If you want a fish that will be personal, get an Oscar, no there're not really aggressive, there more like puppies, but if you like to watch fish eat other fish, and like fish that will eat alot and wont be picky, get an Oscar.


----------



## oldnavycb (Aug 27, 2003)

rhom


----------



## joefromcanada (Apr 16, 2004)

those vampire fish look pretty sweet, them payara or whatever. but i dont know much bout em, cept that it sounds like they can get huge. 6ft.


----------



## hyphen (Apr 4, 2004)

i also hear payara are prone to not living too long? i think i read on pfish somewhere that payaras don't do well in captivity. but they said that about a great white shark too, and look at me.


----------



## joefromcanada (Apr 16, 2004)




----------



## micus (Jan 7, 2004)

no garantee really, generally your best bet for a finger chaser is a flowerhorn cichlid or a red devil, although i would suggest holdin out with your fish,

a week or two ago i was layin in bed, and runnin my pinky across the glass, and found that one of my reds chases and bites at fingers, he deosnt do it alot,

that goes to show that even a fish thats generally classified as shy and timid like red bellied piranhas, can pop up and surprise u sometimes,


----------



## SERRAPYGO (Feb 4, 2003)

The nastiest fish I ever had was a 15" male managuense, or Jaguar cichlid. This fish accepted nothing in his tank. I put a 3" raphael cat in his tank and it immediately swam under a big hunk of drift wood. The Managuense got wind of it and went into a frenzy. Gills flared, body wagging, and proceeded to dig the cat out from the log. He wouldn't give up until I finally pulled the cat out.
Dovii can be equally nasty.


----------



## nismo driver (Jan 27, 2004)

i have a salt water red hog that is one mean bastard.. he swims back and forth and stares me down and when ever i go to put my hand anywhere near the tank and as soon as i lift the lid he snaps at the top of the water, he's already bitten me two or three times, his teeth arent as sharp as piranhas but hes way meaner, he doesnt bother his tank mates he only tries to eat me, i think its mostly because he assoiates my hand with him eating but either way hes alway tryin to bite me


----------



## aaron07_20 (Apr 23, 2004)

Well the nost aggressive freshwater fish I have ever seen in person would have to bemy male convict, he eats feeder fish like a piranha and rips them to shreds, the m ost aggressive saltwater would have to be this one fish that lives in delaware, it may be brackish im not sure, I dont know their real name but everyone calls them oyster crackers, they're known to bite peoples fingers and toes off, most of the time they do itt to tourists, tourists catch them and don't know how aggressive they are and how sharp their teeth are, they try and unhook it and bye bye finger..they are the ugliest meanest looking fish you will ever see, they are real fat and brown and have huge lumps all over them..


----------



## hyphen (Apr 4, 2004)

nismo driver said:


> i have a salt water red hog that is one mean bastard.. he swims back and forth and stares me down and when ever i go to put my hand anywhere near the tank and as soon as i lift the lid he snaps at the top of the water, he's already bitten me two or three times, his teeth arent as sharp as piranhas but hes way meaner, he doesnt bother his tank mates he only tries to eat me, i think its mostly because he assoiates my hand with him eating but either way hes alway tryin to bite me


 dude, your avatar rocks. ali g is on funny ass mofo.


----------



## Rigor_mortiZ_Rhom (Dec 21, 2003)

my mac is the meanest fish i have ever seen... but i hear those elongs are bad...

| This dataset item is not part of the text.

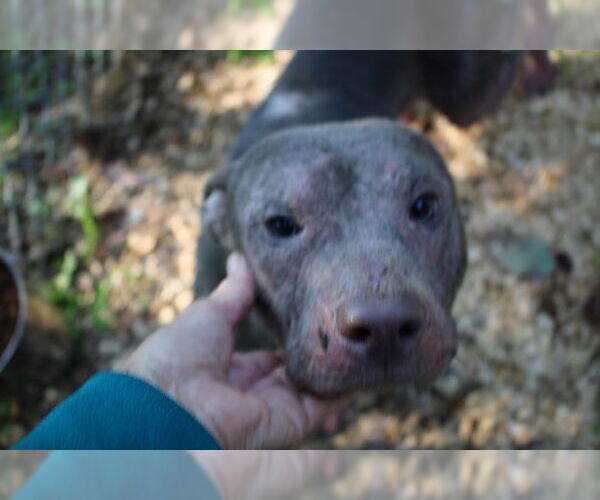 Medium Photo #4 American Staffordshire Terrier-Unknown Mix Puppy For Sale in Frenchburg, KY, USA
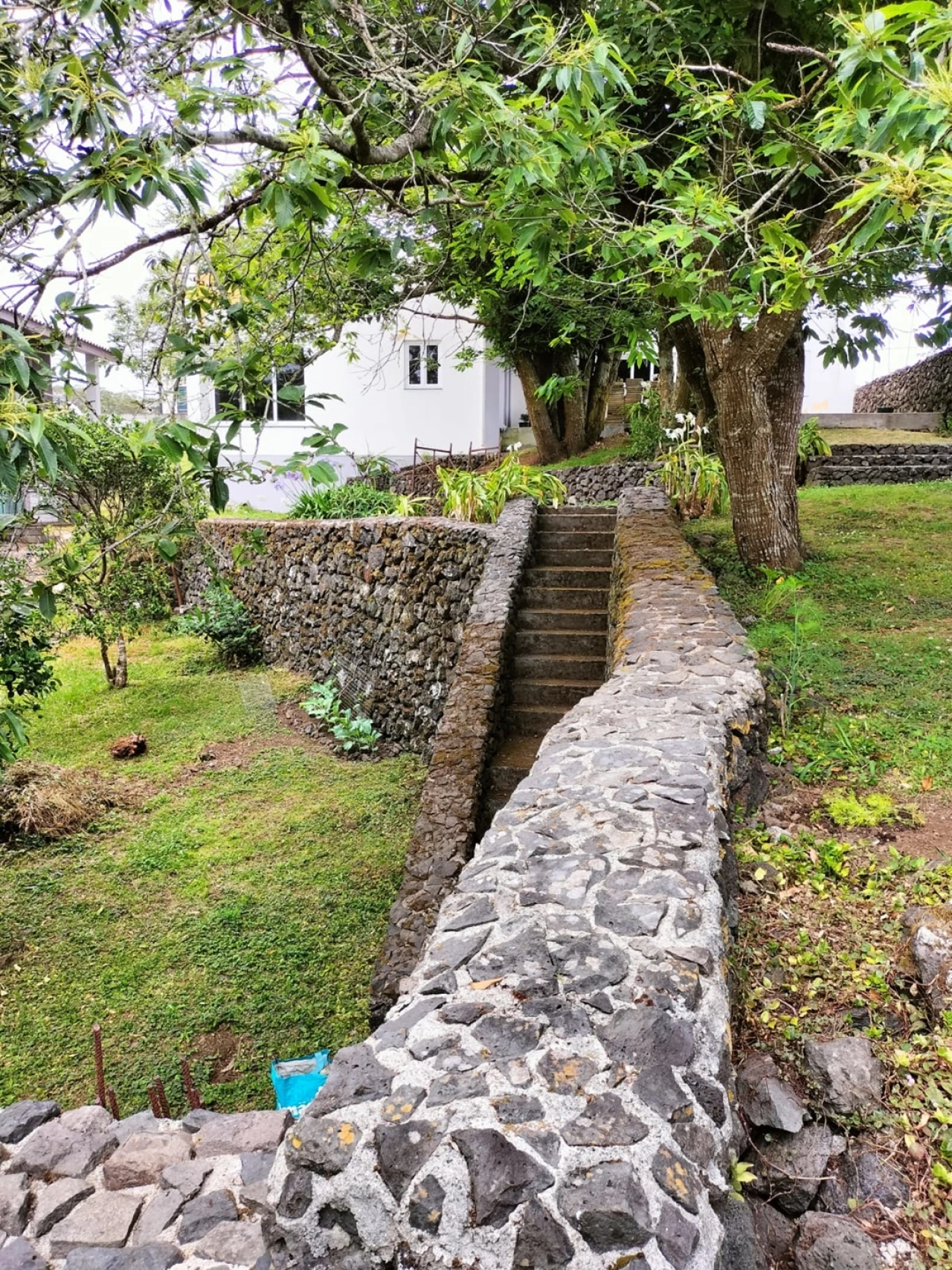 Moradia T4 para Venda em São Mateus da Calheta Foto 18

also i hear the irratans are mean too...


----------



## watermonst3rs (Feb 15, 2004)

Betta fish.


----------



## elTwitcho (Jun 22, 2004)

Flowerhorn is far more aggressive than any piranha. Don't take it the wrong way, I love my ps and if I'd rather have had a flowerhorn I would own one but for pure aggression I've never seen anything like a flowerhorn before.


----------



## piranhaha (Mar 22, 2004)

im sorry peacock bass are the meanest fish in freshwater..


----------



## cretinHOP (Jun 23, 2004)

p's are p*ssy fish LMAO..tell all those people who were mangled or eaten alive in obidos brazil by piranha in 1981 300 people were consumed when a riverboat capsized by piranha (p.nattereri,s.spilopluera are mostly blamed by scientists). and no lol they didnt DROWN beforehand . dont hear aboutthis much but its true also p's are much like sharks in behavior they arent pussies butthey arent machines either.


----------



## cretinHOP (Jun 23, 2004)

its more agressive than ANY>????....prianha??>>... seems like a general staement?...general statements are not smart whatsoever.


----------



## Peacock (Feb 23, 2004)

cretinHOP said:


> p's are p*ssy fish LMAO..tell all those people who were mangled or eaten alive in obidos brazil by piranha in 1981 300 people were consumed when a riverboat capsized by piranha (p.nattereri,s.spilopluera are mostly blamed by scientists). and no lol they didnt DROWN beforehand . dont hear aboutthis much but its true also p's are much like sharks in behavior they arent pussies butthey arent machines either.


 that was a story.. thats also called PREDATION... which is TOTALY different then AGGRESSION....


----------



## elTwitcho (Jun 22, 2004)

cretinHOP said:


> p's are p*ssy fish LMAO..tell all those people who were mangled or eaten alive in obidos brazil by piranha in 1981 300 people were consumed when a riverboat capsized by piranha (p.nattereri,s.spilopluera are mostly blamed by scientists). and no lol they didnt DROWN beforehand . dont hear aboutthis much but its true also p's are much like sharks in behavior they arent pussies butthey arent machines either.


 Piranhas did NOT capsize any river boat. And yes they did drown first, Frank from OPEFE I believe looked into it and after doing more digging found that they had drowned and then were eaten by piranhas AS WELL as a few other local predatory fish. Natives swim in piranha infested waters all the time and they do fine without getting attacked because it's more work than it's worth for a piranha to go after a human.


----------